__Items listed in a dataset__.
-*-*-

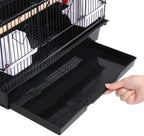 Black slide-out tray bottom for large bird cage; hand pulling out the tray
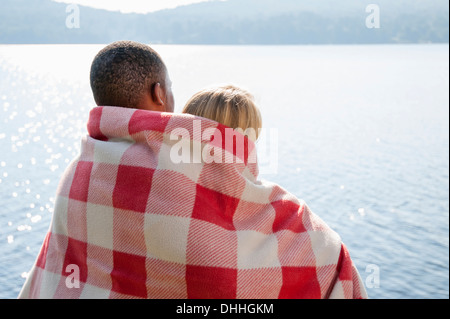 Young couple wrapped in blanket by lake, Hadley, New York, USA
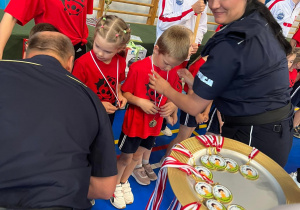 Pani Policjant zakłada medale na szyję naszym przedszkolakom, gratuluje przy tym sukcesu.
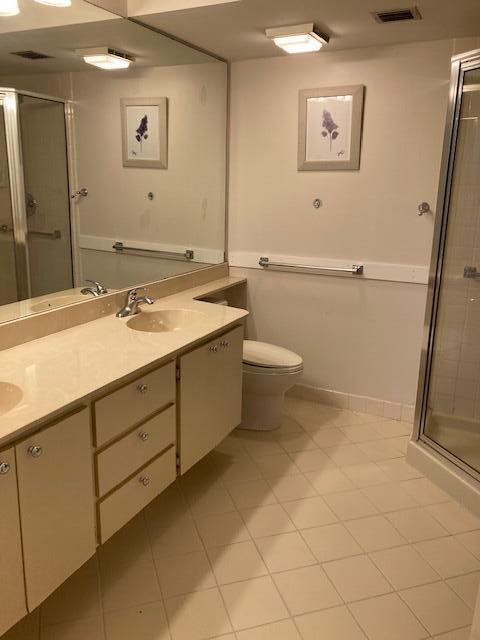 bathroom featuring an enclosed shower, tile patterned floors, vanity, and toilet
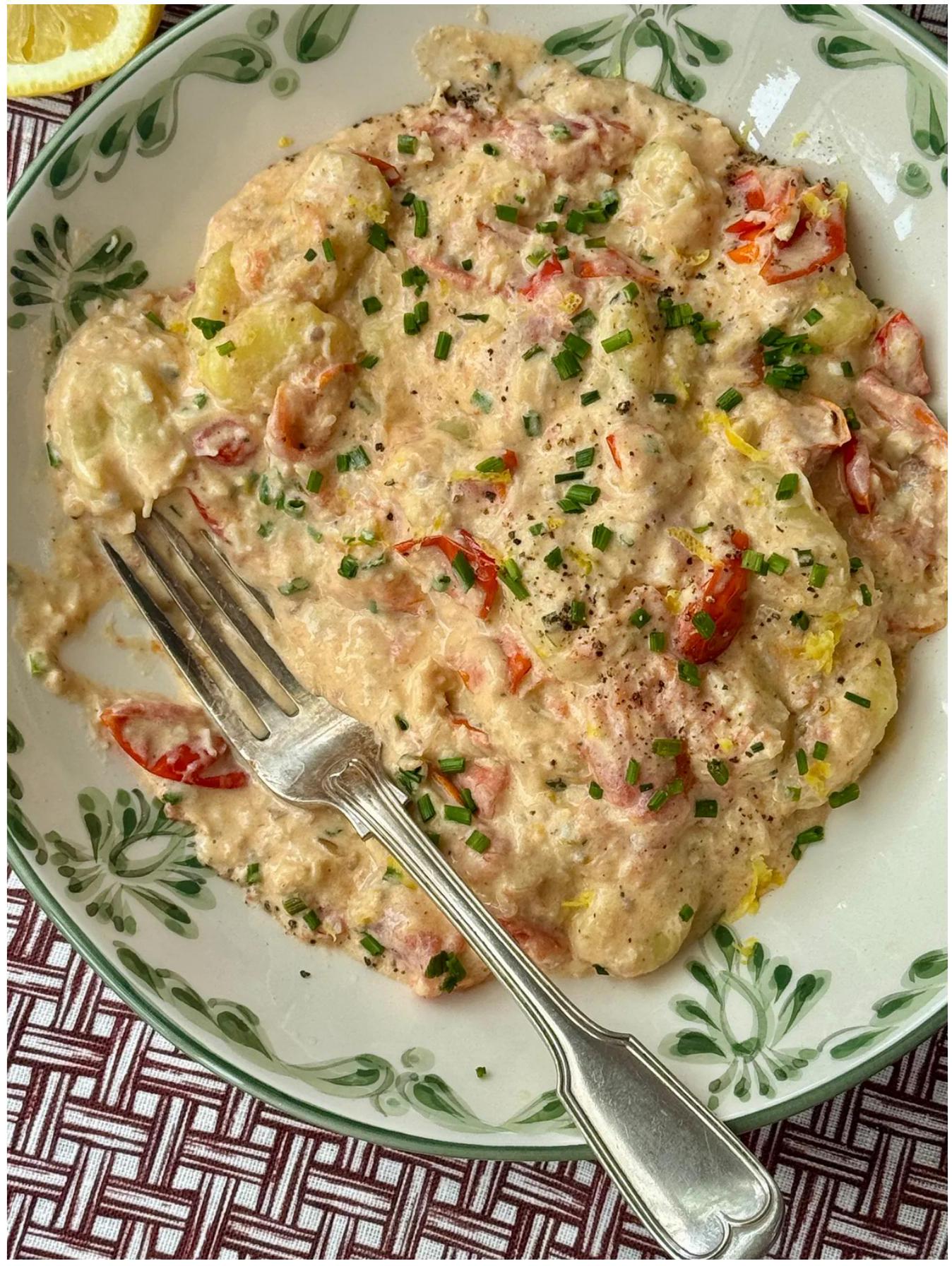 Creamy crab gnocchi with cherry tomatoes and herbs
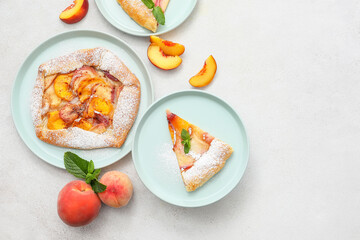 Plates with tasty peach galette on light background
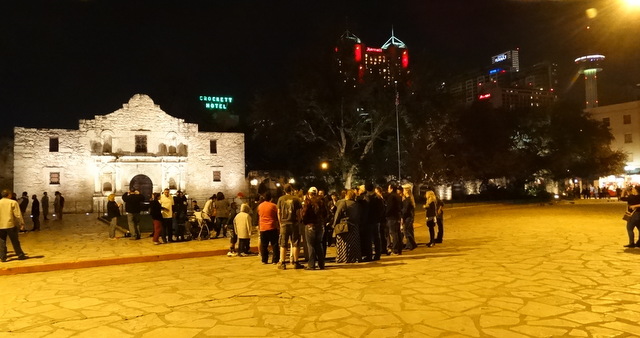 We waited outside the Alamo.  You can see the Tower of the Americas on the far right. 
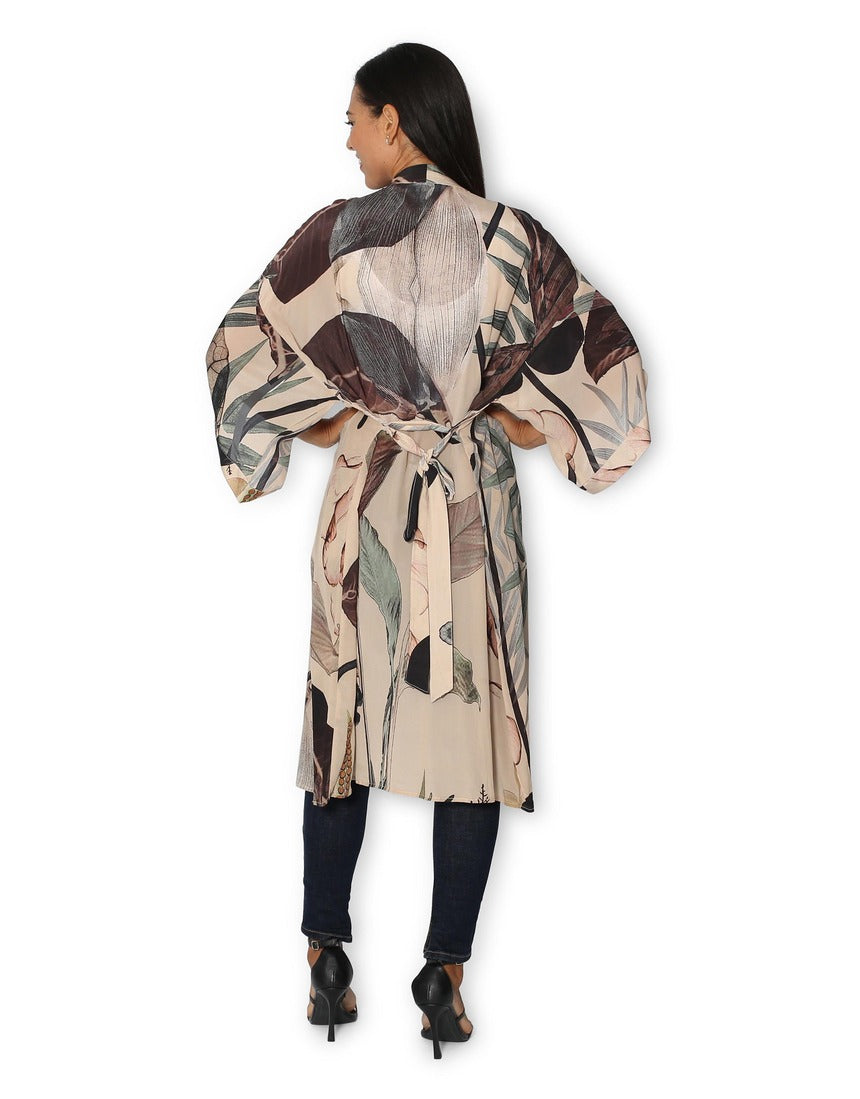 Back view of The Artists Label Radio Garden long silk kimono with flowing fabric and intricate design details.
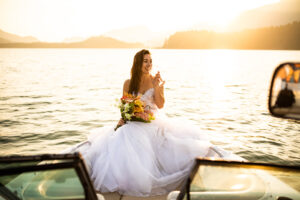 Bride sits on front of boat on Vancouver Lake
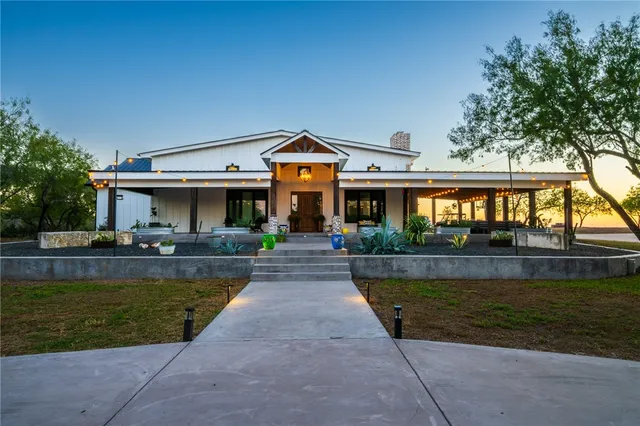 a front view of a house with a yard table and chairs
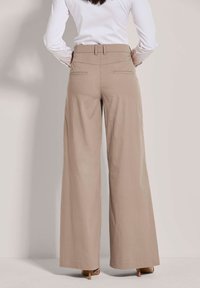 Beige wijde broek met hoge taille, twee achterzakken, een gladde textuur en naaddetails, weergegeven van de achterkant.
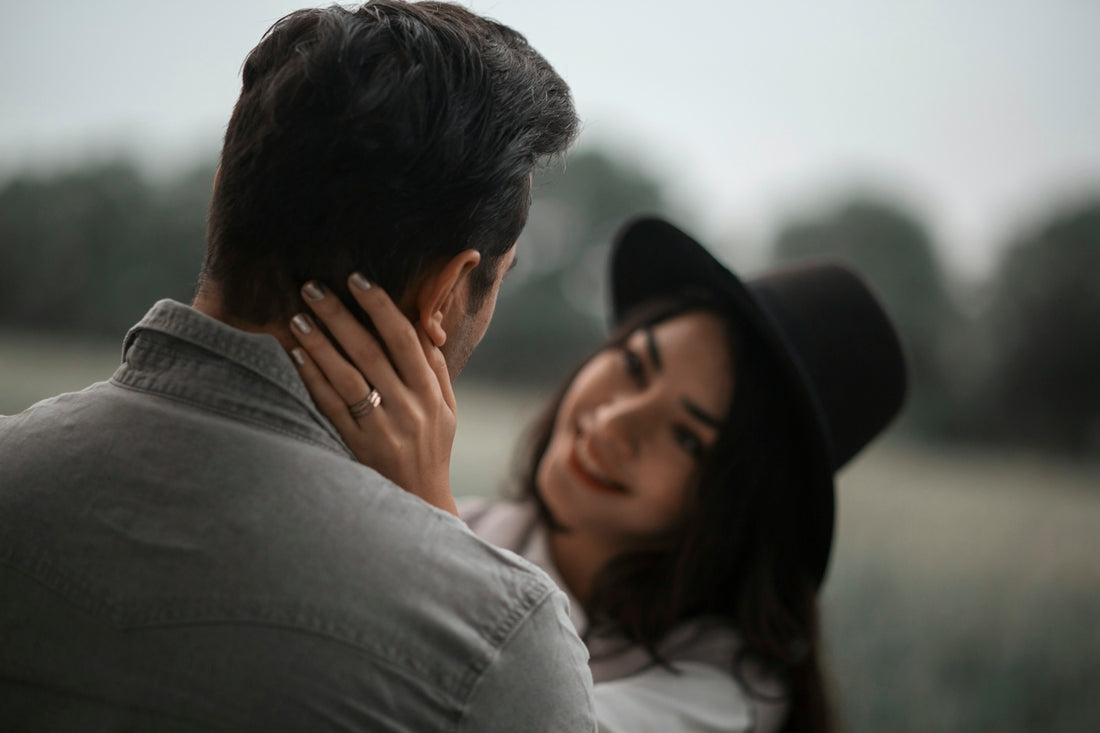a man and woman kissing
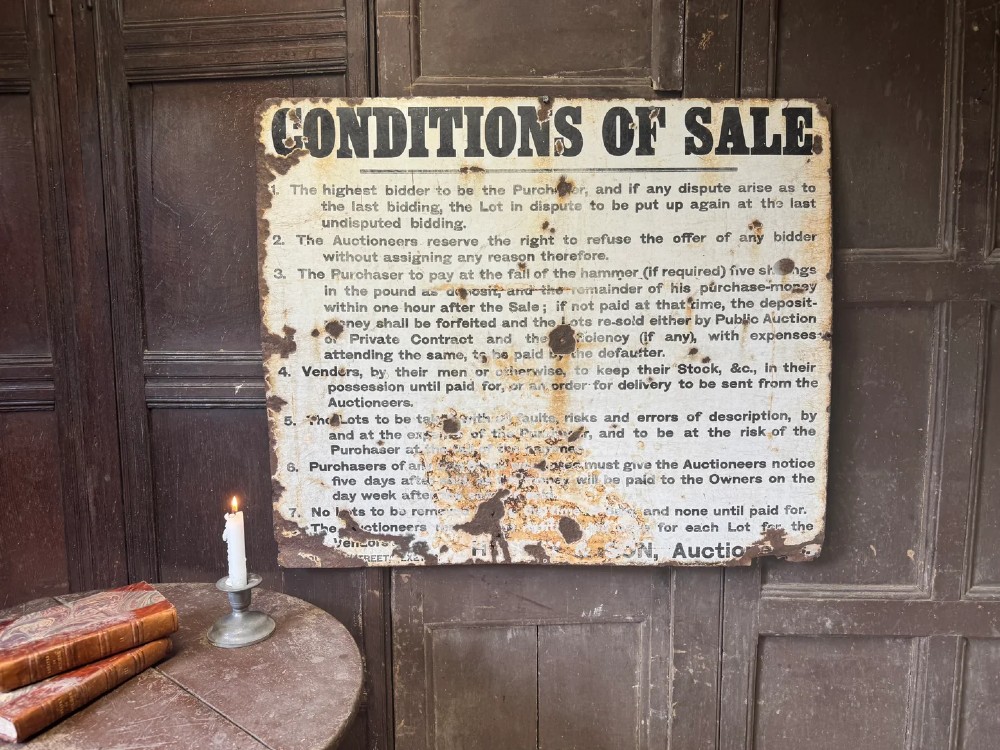 A rectangular off-white painted sheet metal sign featuring bold black typography detailing auction conditions of sale, with visible surface rust and paint wear. View II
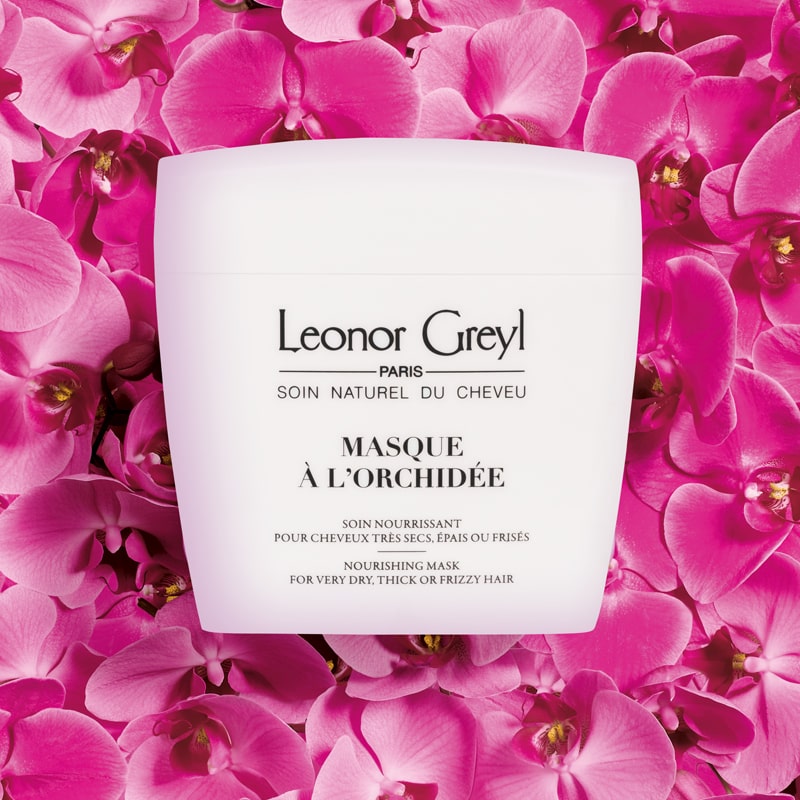 Lifestyle shot top view of Leonor Greyl Masque A L&#39;Orchidee (200 ml) with pink orchid flowers in the background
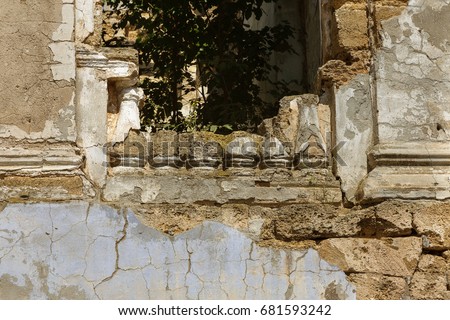 Mystical Interior, ruins of facade of an abandoned ruined building of an ancient castle, mansion. Old ruined walls, corridor with garbage and mud. Ruins Ancient historic building destroyed by vandals Royalty-Free Stock Photo #681593242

-*-*-

__EXERCISE__. Make an exact copy of every entry above, minus the images.

__SOLUTION TO THIS PROBLEM__.
 Black slide-out tray bottom for large bird cage; hand pulling out the tray
 Young couple wrapped in blanket by lake, Hadley, New York, USA
 Pani Policjant zakłada medale na szyję naszym przedszkolakom, gratuluje przy tym sukcesu.
 bathroom featuring an enclosed shower, tile patterned floors, vanity, and toilet
 Creamy crab gnocchi with cherry tomatoes and herbs
 Plates with tasty peach galette on light background
 We waited outside the Alamo.  You can see the Tower of the Americas on the far right. 
 Back view of The Artists Label Radio Garden long silk kimono with flowing fabric and intricate design details.
 Bride sits on front of boat on Vancouver Lake
 a front view of a house with a yard table and chairs
 Beige wijde broek met hoge taille, twee achterzakken, een gladde textuur en naaddetails, weergegeven van de achterkant.
a man and woman kissing
 A rectangular off-white painted sheet metal sign featuring bold black typography detailing auction conditions of sale, with visible surface rust and paint wear. View II
 Lifestyle shot top view of Leonor Greyl Masque A L&#39;Orchidee (200 ml) with pink orchid flowers in the background
 Mystical Interior, ruins of facade of an abandoned ruined building of an ancient castle, mansion. Old ruined walls, corridor with garbage and mud. Ruins Ancient historic building destroyed by vandals Royalty-Free Stock Photo #681593242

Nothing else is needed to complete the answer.